The airline is in talks with staff about cutting jobs from July 2014 as it mulls its future needs for wide body aircraft heavy maintenance, spokeswoman Brigitte Ransom said in an emailed statement. The talks will run until late September with a decision slated for October, she said.
"The proposed changes reflect a projected drop in future demand for wide body maintenance services both from within Air New Zealand and from external maintenance customers," Ransom said. "This is largely due to Air New Zealand and its customers introducing more modern aircraft to their fleets, which require less frequent maintenance."
Air New Zealand would continue to perform heavy maintenance work with reduced staff, the company said. The company didn't immediately respond to questions on expected cost savings from the cuts. The cuts could save it about $18 million a year, based on the average salary of its 10,500-strong workforce as at June 2012.
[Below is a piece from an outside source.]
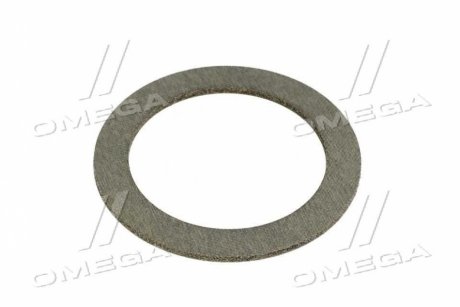 Шайба Case CNH 1997888C1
The Engineering, Printing and Manufacturing Union, which represents the workers, said it will start a 58-day consultation process with Air New Zealand where it will have the opportunity to analyse the airline's business case and suggest an alternative proposal.
The job cuts suggest the high New Zealand dollar is making the airline uncompetitive in bids for third party engineering work, the union said.
"The confirmation of job losses is devastating for our members and we will be doing everything we can to protect jobs," EPMU assistant director of organising Strachan Crang said in a statement. "New Zealand has world-class aircraft engineers but unless we see action on the high dollar, this highly-skilled, well-paid industry will continue to decline."
The proposed cuts follow job losses at the Christchurch Engine Centre, Safe Air and Air New Zealand technical operations, the EPMU said. Air New Zealand is also proposing to outsource the upgrade of its Boeing 777-200 fleet, the EPMU said.
Shares in Air New Zealand fell 1.7 percent to $1.42.